2016-02-04 00:43:20 | goo映画レビュー

原題:『信長協奏曲』
監督:松山博昭
脚本:西田征史/岡田道尚/宇山佳祐
撮影:江原祥二
出演:小栗旬/柴咲コウ/向井理/藤ヶ谷太輔/夏帆/高嶋政宏/濱田岳/高嶋政宏/山田孝之
2016年/日本

パラドックスの解消により生まれる新たなパラドックスについて

 現代の高校生である主人公のサブローが本物の織田信長にそっくりだったことから入れ替わり活躍するという設定は、とかく暗くなりがちな戦国時代をポップな雰囲気で包み込むことに成功しているように見える。だから問題を論う必要もないのではあるが、やはり気になるところはタイムスリップのパラドックスである。
 高校生にもなってサブローが自分が成り代わっている織田信長が間もなく死ぬことを知らなかったということは考えにくいとしても、日本史の教科書の扱い方から判断するならば無いことはないであろう。
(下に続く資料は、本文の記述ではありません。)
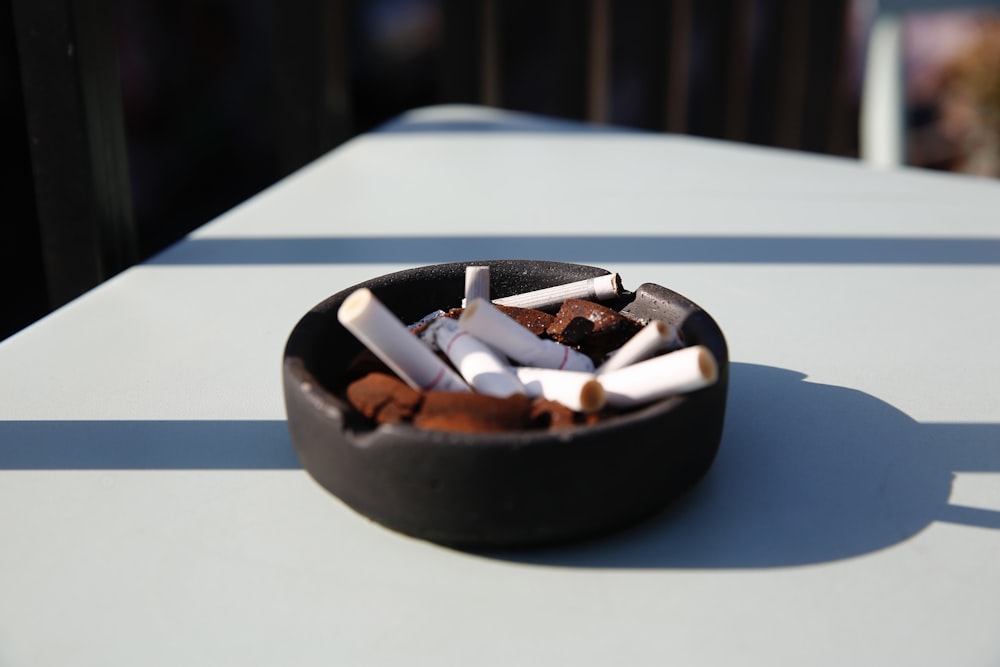 mozziconi di sigaretta su posacenere in ceramica nera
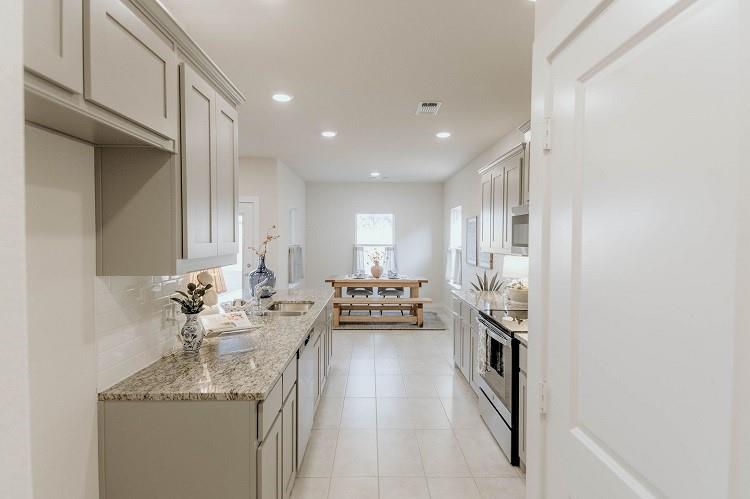 1104 Alexander Street Trenton, TX 75490 - Photo 10 of 18 Kitchen with stainless steel appliances, light tile patterned floors, light stone counters, backsplash, and recessed lighting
サブローはページの下半分が欠損した箇所の「信長の死後、」という文面から自分が死ぬことを知るのであるが、その次に「1582年(天正10年)羽柴秀吉が明智光秀を討ち」という文章が続いているのだから、本当はサブローは既にサルくんがミッチーを討つという秀吉の謀反を知っていなければならないはずなのである。タイムパラドックスを解消するためにサブローはあくまでもバカでなければならないのだが、バカが平和を求めて天下統一を計れるのかという新たなパラドックスが生じてしまっているのである。
 観賞前にテレビドラマを観ていればより登場人物に感情移入できると思う。